Exact copy, pictures excluded: print the lines from the one with "In Front Rosy Dress" through the final line of the records.

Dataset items
>>>>>

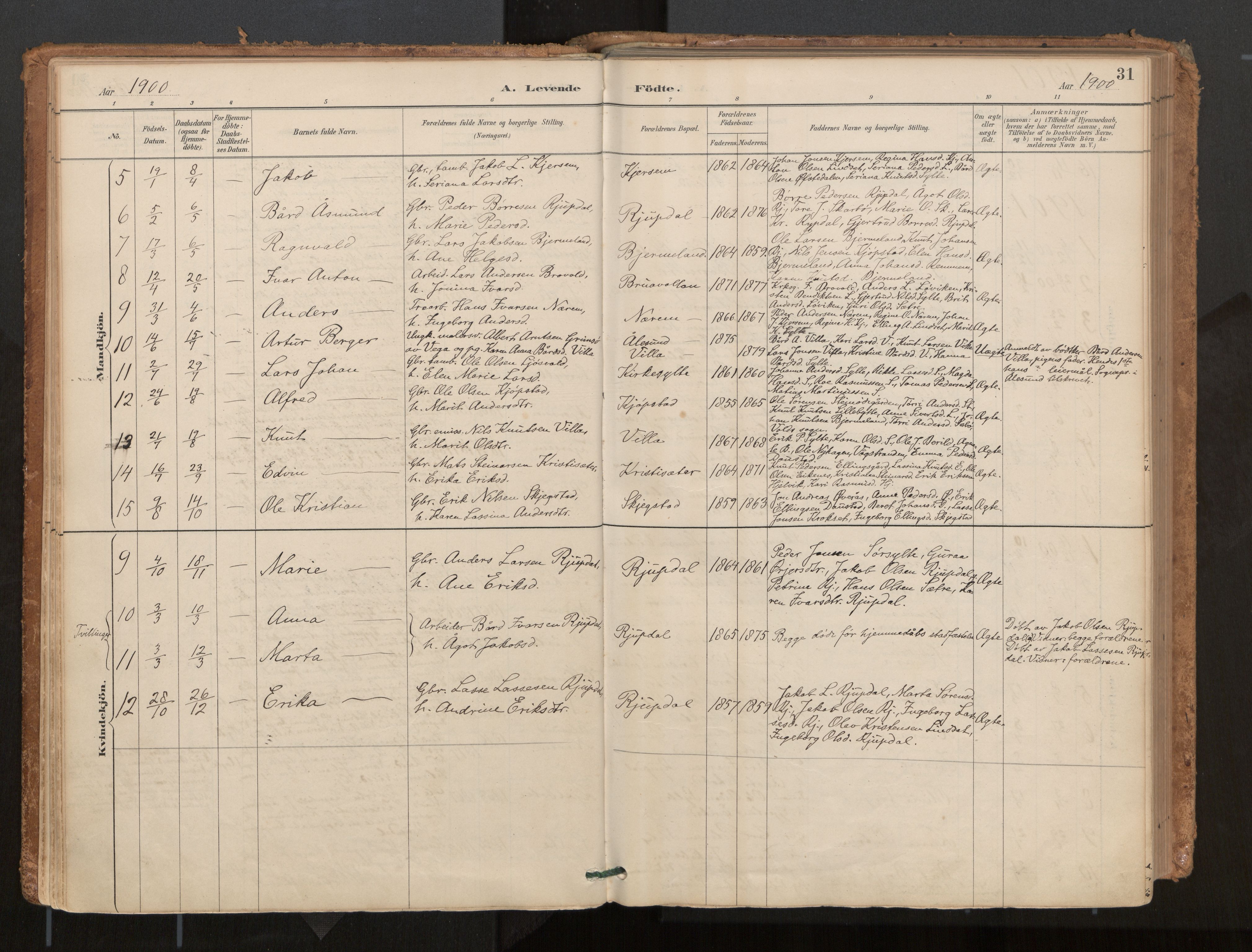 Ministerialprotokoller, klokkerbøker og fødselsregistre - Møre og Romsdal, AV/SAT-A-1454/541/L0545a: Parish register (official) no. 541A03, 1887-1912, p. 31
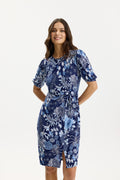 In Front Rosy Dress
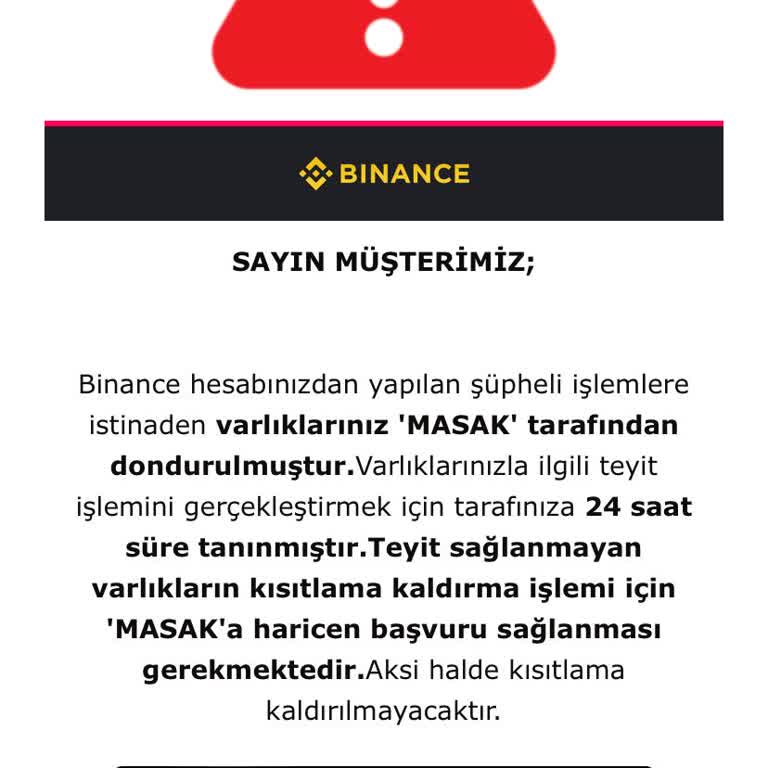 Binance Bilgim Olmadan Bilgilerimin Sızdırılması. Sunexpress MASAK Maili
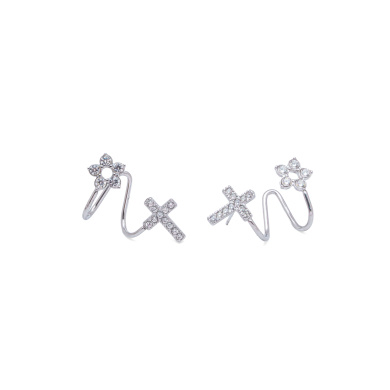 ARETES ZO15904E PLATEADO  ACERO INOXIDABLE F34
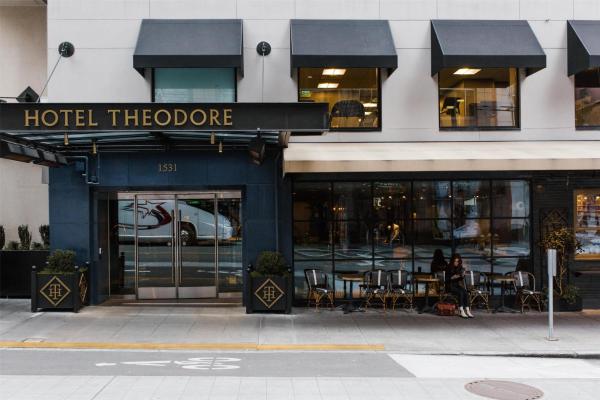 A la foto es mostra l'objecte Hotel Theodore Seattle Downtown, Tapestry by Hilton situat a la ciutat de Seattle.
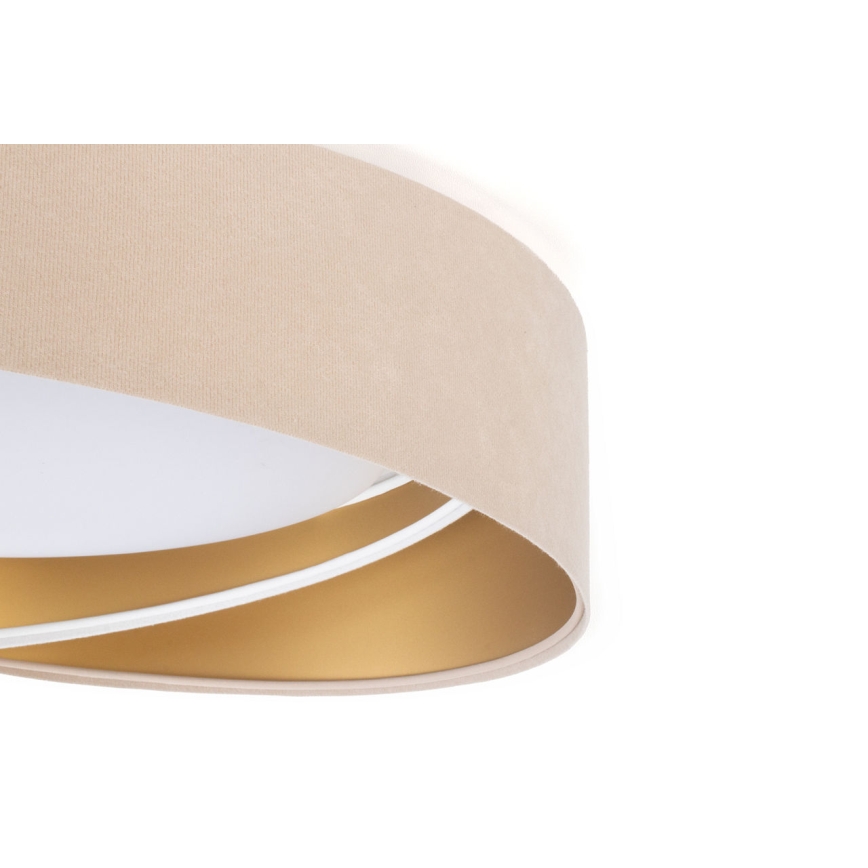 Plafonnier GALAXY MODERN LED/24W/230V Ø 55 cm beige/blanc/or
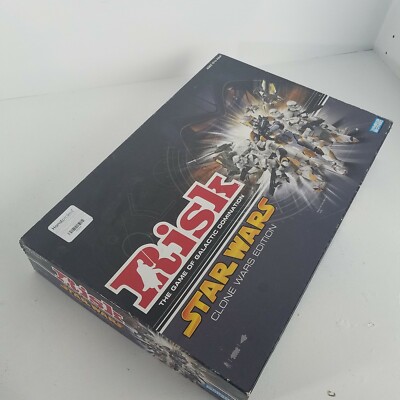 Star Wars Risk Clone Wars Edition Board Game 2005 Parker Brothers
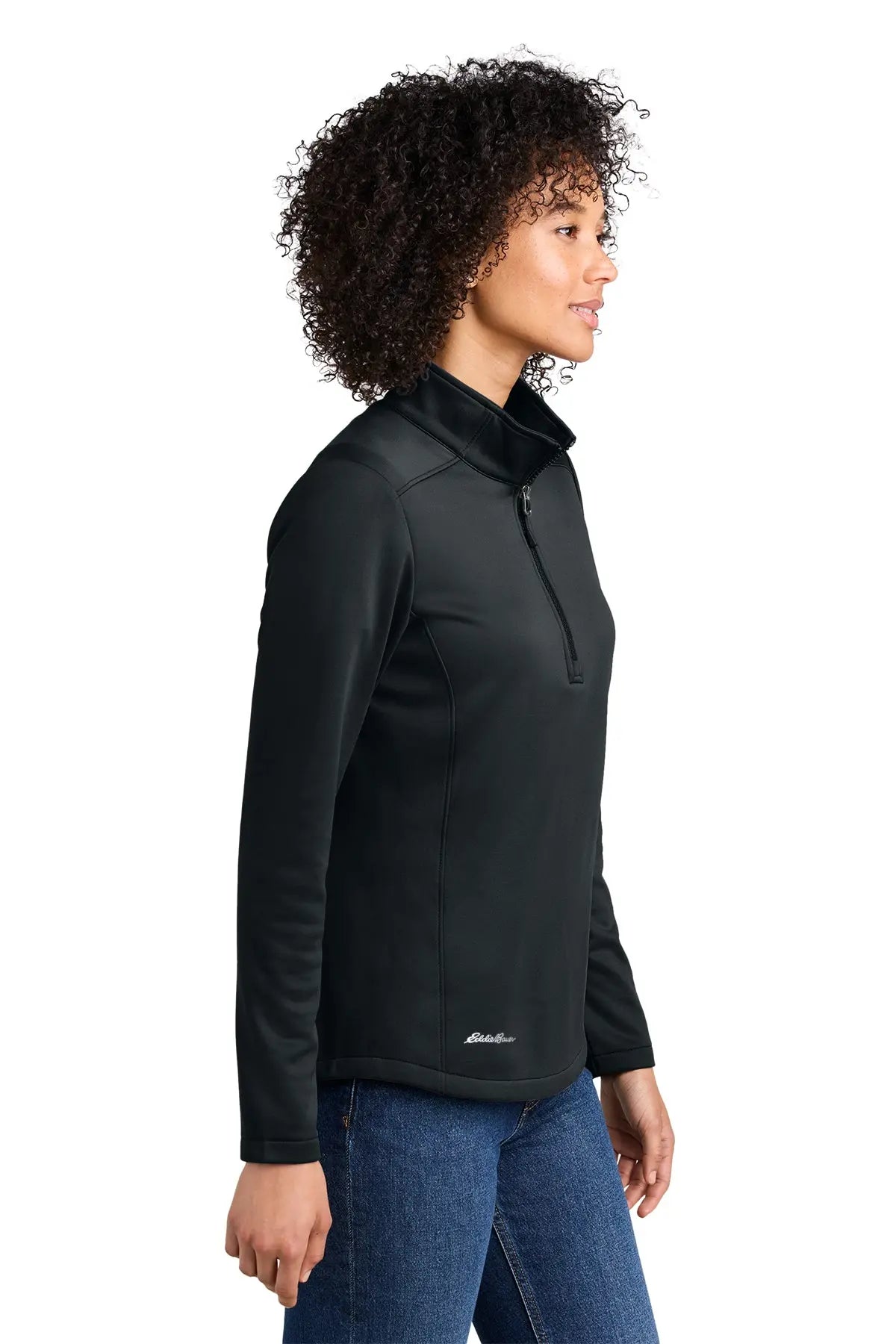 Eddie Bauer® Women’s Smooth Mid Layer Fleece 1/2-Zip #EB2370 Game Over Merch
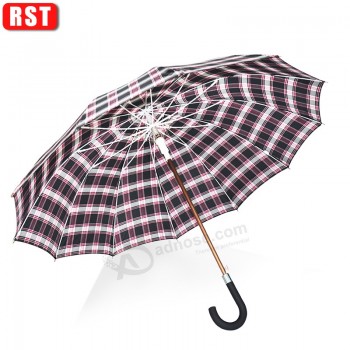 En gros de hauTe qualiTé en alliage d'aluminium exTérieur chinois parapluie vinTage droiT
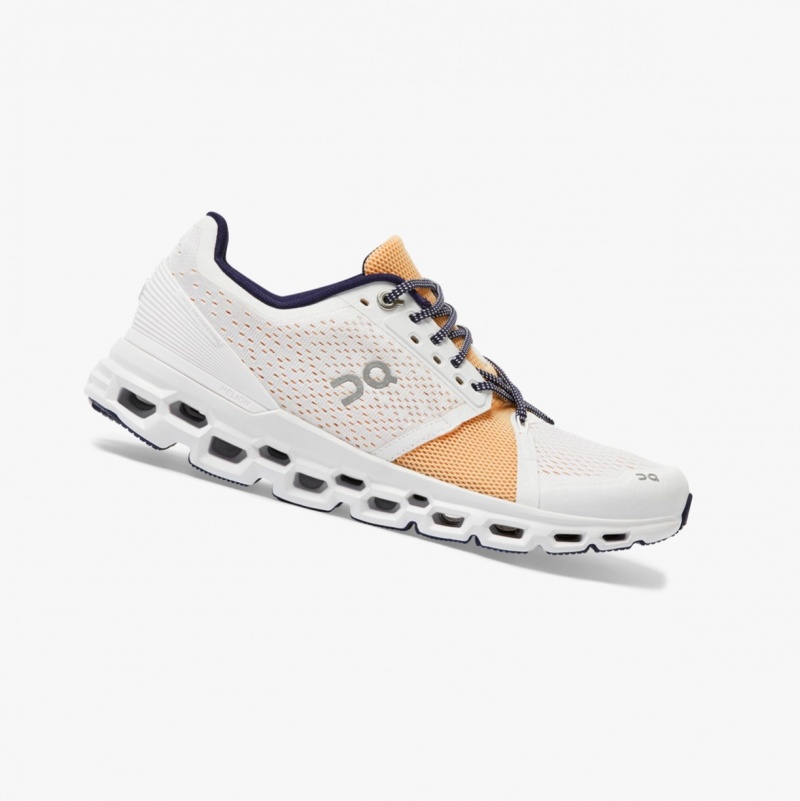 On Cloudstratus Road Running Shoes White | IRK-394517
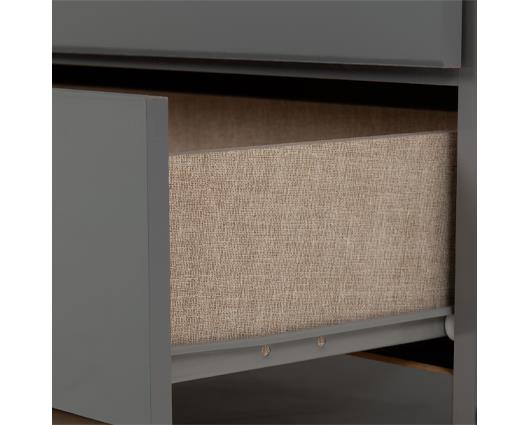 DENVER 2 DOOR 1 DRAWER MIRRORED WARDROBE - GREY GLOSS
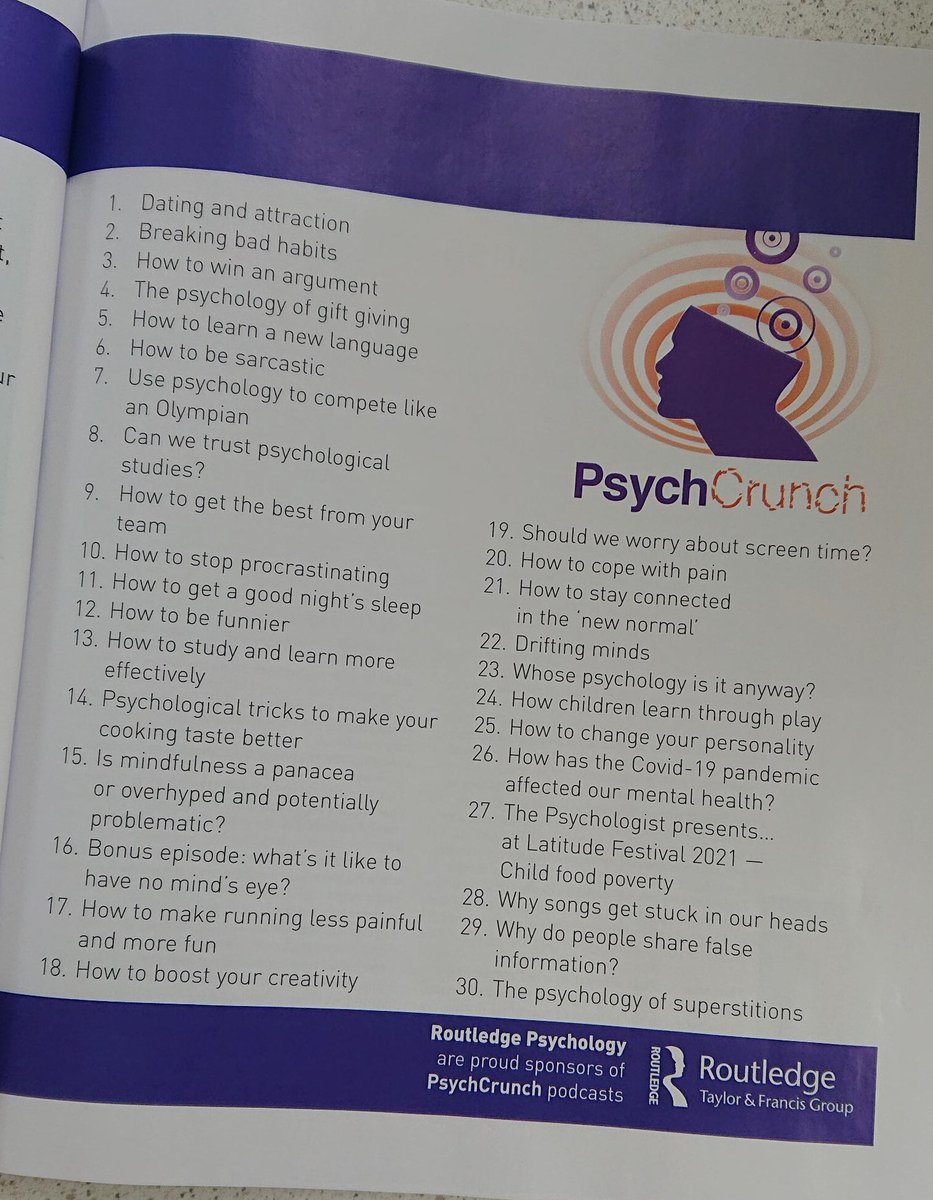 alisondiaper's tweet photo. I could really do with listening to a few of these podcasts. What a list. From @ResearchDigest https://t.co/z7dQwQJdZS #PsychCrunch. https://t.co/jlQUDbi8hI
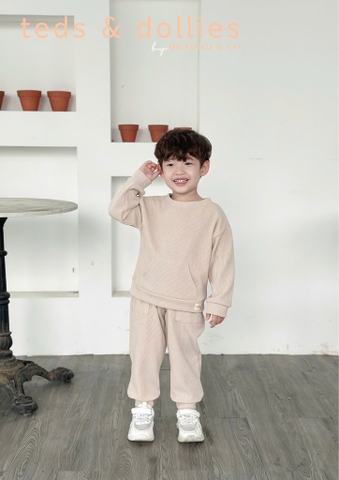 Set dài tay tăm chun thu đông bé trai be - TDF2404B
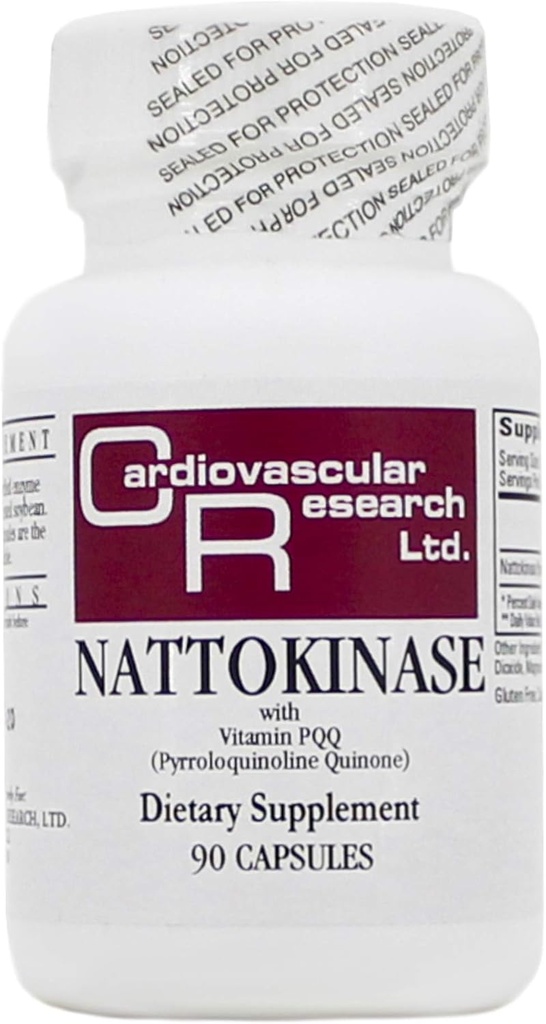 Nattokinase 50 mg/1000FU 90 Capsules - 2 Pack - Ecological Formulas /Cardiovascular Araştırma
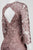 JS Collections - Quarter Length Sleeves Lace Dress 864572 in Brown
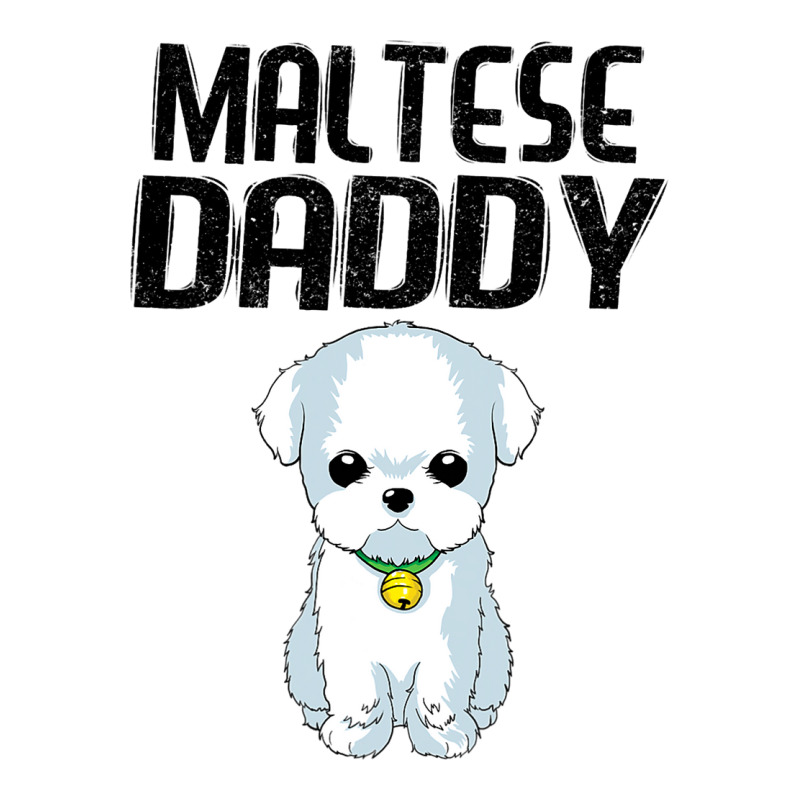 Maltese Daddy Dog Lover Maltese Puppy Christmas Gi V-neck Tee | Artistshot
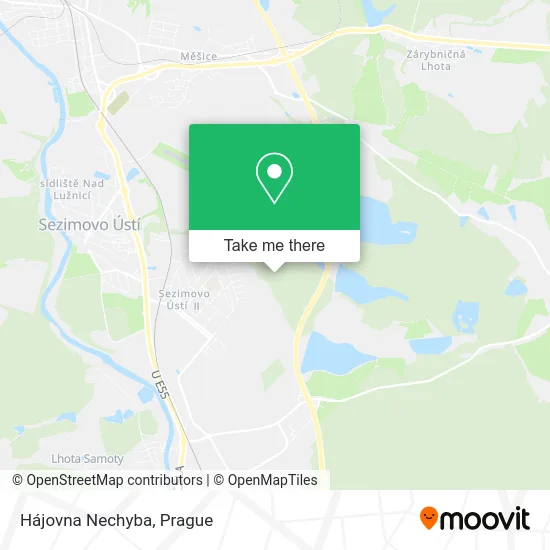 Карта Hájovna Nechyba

<<<<<

Solved exercise.
 In Front Rosy Dress
 Binance Bilgim Olmadan Bilgilerimin Sızdırılması. Sunexpress MASAK Maili
 ARETES ZO15904E PLATEADO  ACERO INOXIDABLE F34
 A la foto es mostra l'objecte Hotel Theodore Seattle Downtown, Tapestry by Hilton situat a la ciutat de Seattle.
 Plafonnier GALAXY MODERN LED/24W/230V Ø 55 cm beige/blanc/or
 Star Wars Risk Clone Wars Edition Board Game 2005 Parker Brothers
 Eddie Bauer® Women’s Smooth Mid Layer Fleece 1/2-Zip #EB2370 Game Over Merch
 En gros de hauTe qualiTé en alliage d'aluminium exTérieur chinois parapluie vinTage droiT
 On Cloudstratus Road Running Shoes White | IRK-394517
 DENVER 2 DOOR 1 DRAWER MIRRORED WARDROBE - GREY GLOSS
 alisondiaper's tweet photo. I could really do with listening to a few of these podcasts. What a list. From @ResearchDigest https://t.co/z7dQwQJdZS #PsychCrunch. https://t.co/jlQUDbi8hI
 Set dài tay tăm chun thu đông bé trai be - TDF2404B
 Nattokinase 50 mg/1000FU 90 Capsules - 2 Pack - Ecological Formulas /Cardiovascular Araştırma
 JS Collections - Quarter Length Sleeves Lace Dress 864572 in Brown
 Maltese Daddy Dog Lover Maltese Puppy Christmas Gi V-neck Tee | Artistshot
 Карта Hájovna Nechyba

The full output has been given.